Gabby McManus awoke in the middle of the night with severe heartburn and feeling like there was a huge weight on her shoulders.
It was much worse than symptoms she’d experienced the previous few weeks – occasional shortness of breath and mild heartburn, for which she took an aspirin or two.
This time, McManus took four aspirin. Her husband, Bill, who was out of town, urged her by phone to call an ambulance.
Instead, she took a shower, got dressed and decided to have her college-age son, Brett Harman, drive her to the nearest hospital, about 30 minutes away.
“Everything just felt heavy. I felt a little disoriented,” McManus said. As they drove through rural southern Maryland, a sense of urgency set in. “I said, ‘Hurry!’ ”
At the emergency room, McManus felt more disoriented as she made her way inside. “As I was walking through the door, I said, ‘I’m not going to make it,’ ” she recalled.
McManus collapsed, and medical workers had to shock her heart. “I just remember waking up screaming that I wanted my mom,” she said. Doctors and nurses explained to McManus that she’d had a massive heart attack.
Over the next several hours, she went into cardiac arrest 14 times.
“I didn’t know what was going on, but I knew I was dying,” she said.
The medical helicopter wasn’t flying because of fog, so doctors gave McManus a clot-busting drug and transported her by ambulance to a Washington, D.C., hospital an hour’s drive away.
Whisked into surgery at the Washington hospital, McManus woke up in the intensive care unit. A stent had been placed in the main artery down the front of her heart, which had been 98 percent blocked.

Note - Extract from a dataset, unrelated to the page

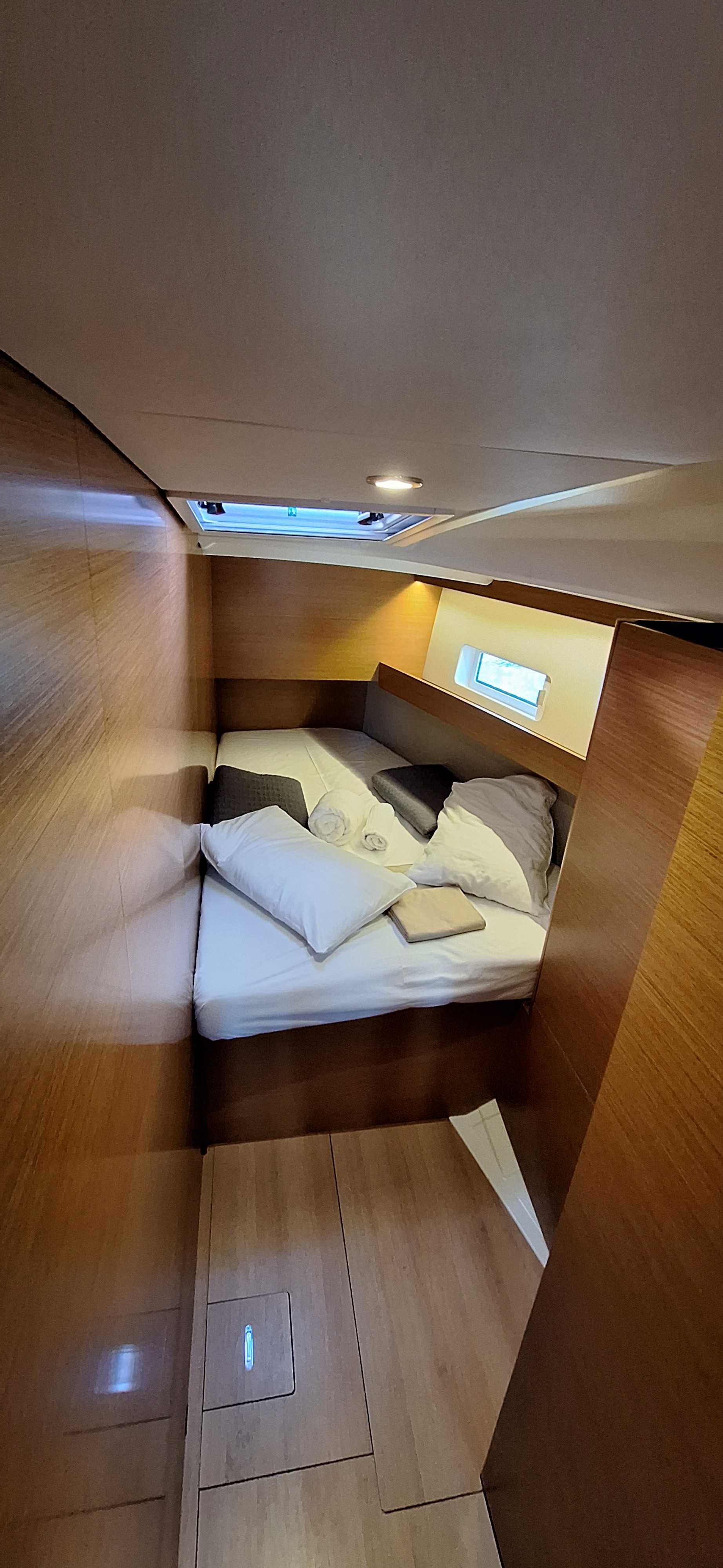 Sun Odyssey 490 — photo 9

McManus, 46 at the time, looks back on that day in August 2013 and is forever thankful the cardiac arrests happened once she’d arrived at the hospital.

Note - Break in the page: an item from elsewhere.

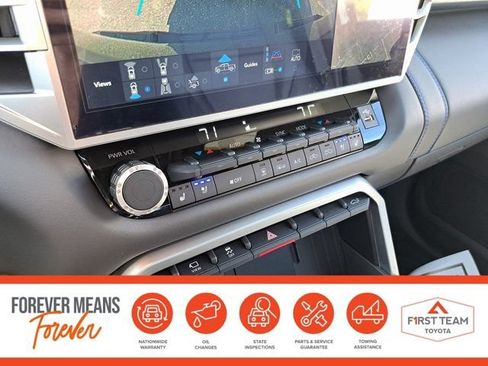 Used 2025 Toyota Tundra Platinum AWD/4WD image 18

“If not, I would be dead,” she said.
Outpatient physical therapy helped McManus regain some of her strength and introduced her to other heart patients.
“Everybody’s story is different,” she said. A frightening realization was that some fellow patients had suffered subsequent heart attacks.
McManus had no obvious risk factors before her heart attack. Her blood pressure and cholesterol were normal, and she was active and a healthy weight.
She had annual physicals. However, it was later determined she suffered from coronary artery disease and that there was a family history of the condition.
Today she remains on several medications and sees a cardiologist every four months. The stent continues to do its job. McManus doesn’t have quite as much stamina as she once did and has trouble sleeping.
But the most difficult lingering effect of her heart attack has been coping with depression and anxiety.
“People don’t understand the mental state of having a heart attack,” she explained. She would like medical experts to focus more heavily on the psychological aftermath.
McManus went through what she called “a roller coaster of emotion.”
Three major panic attacks sent her to the hospital for fear that she was experiencing another heart attack. She’s also had minor panic attacks at home. She takes medication and sees a professional for help with the anxiety.
Today she asks lots of questions about her medical condition and hopes others will do the same, especially since a heart attack doesn’t necessarily come with a warning sign.
“You have a whole different perspective on life,” she said. “You need to take charge of your health.”